Offering an Antidote for 'Short Film Fever'
September 8th 2006
For immediate release
Script to Screen Offers an Antidote for ‘Short Film Fever’
It’s that time of the year again when writers are gearing up to submit their projects to the New Zealand Film Commission POD funding for Short Films. Responding to the annual outbreak of short film fever, Script to Screen admitted a capacity crowd to the first of two Short Film Writer’s Rooms last week. The second event, the much anticipated Wellington premier of The Writers Room series, will be held in the capital on the 19th of September, at the Katipo Cafe.
MC Te Radar infused Auckland’s Classic with his irreverent brand of humour as he quizzed short filmmakers Michael Bennett (Michelle’s Third Novel, Cow, Egg and Bomb, Kerosene Creek) Savage (Watermark, The Speaker) and Veialu Aila-Unsworth (Blue Willow) about their experiences of writing award winning short films.
Te Radar drew on his own experiences as a writer and boldly asked the hard questions about everything from writer / director relationships (‘what do you do when you find a director, and they say, ‘Great script but let’s change that horse and make it a monkey!’’) to the process of writing and the nitty-gritty of creating a short film.
All three filmmakers talked about the importance of the writer in the actual production of the film. ‘It is really important that writers … insert and assert themselves much more in the process …’ said Savage. ‘I have made sure that I am part of the production …other than the director, the writer is often the only other person on set who has a clear idea of where the characters are coming from.’ Michael Bennett added, ‘… as a writer you can get extremely attached to your words and think that we shouldn’t change a word here, but there is actually a magic process that happens in front of the camera that is to be embraced and trusted.’

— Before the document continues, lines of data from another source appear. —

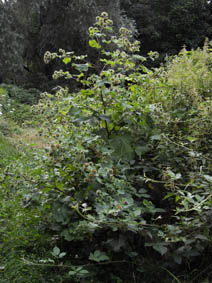 Arctium lappa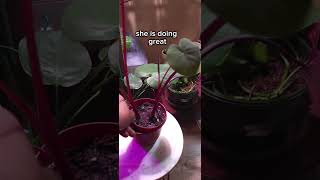 This was a repot explore plants colocasia repotting grow fall alocasia clearence [upl. by Eglantine]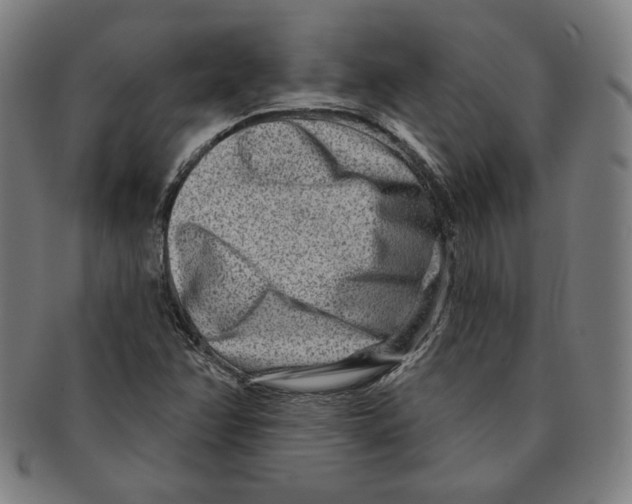 X0000090951358200708301130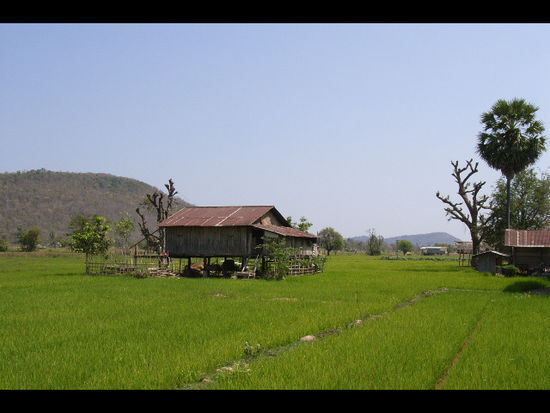 reisfelder auf don khong island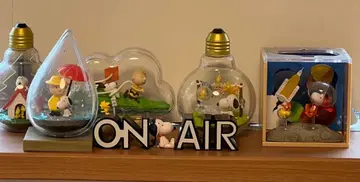 스누피 테라리움 등 총 6점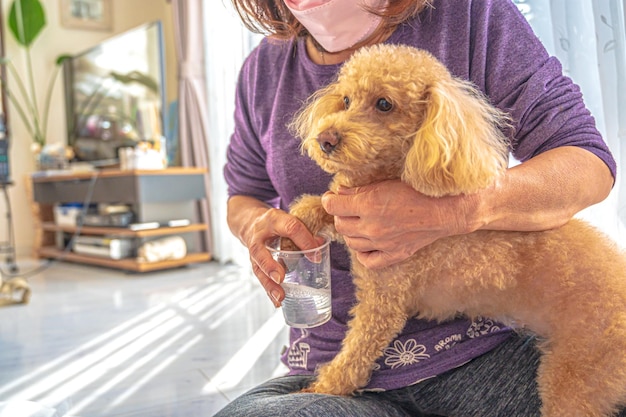 薬を飲んでいる犬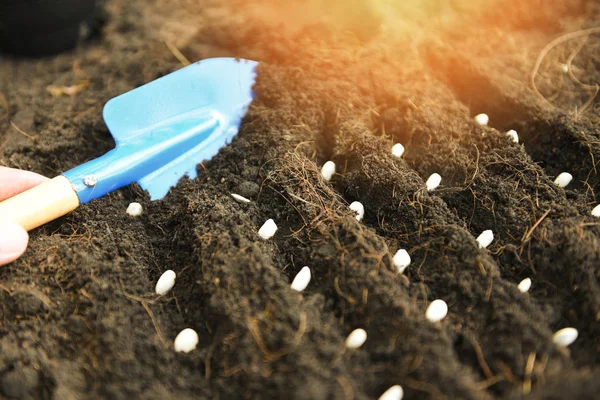 Ręcznie sadzenie nasion dyni na glebie w ogrodzie warzywnym Agric — Zdjęcie stockowe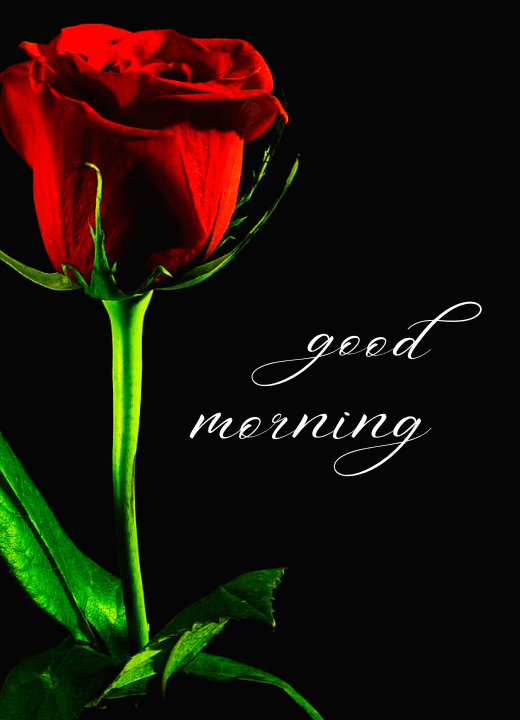 good morning rose flower images free download hd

There is no tried and true formula for making a great short. Veialu Aila-Unsworth told the audience how she writes her ideas out as a short story first, ‘…I write it as I see it, then have a play with it ... play with the paragraphs.’ Michael Bennett described ‘a funny kind of alchemy … you can get obsessed with making a film so cinematic, with beautiful imagery but… where’s the story? Or conversely, you can say, I want to make my great film about what I believe life is about … but its not involving, there is no narrative… it is this weird alchemy that happens when your obsession and your grasp of visual storytelling come together and it clicks with some of your audience.’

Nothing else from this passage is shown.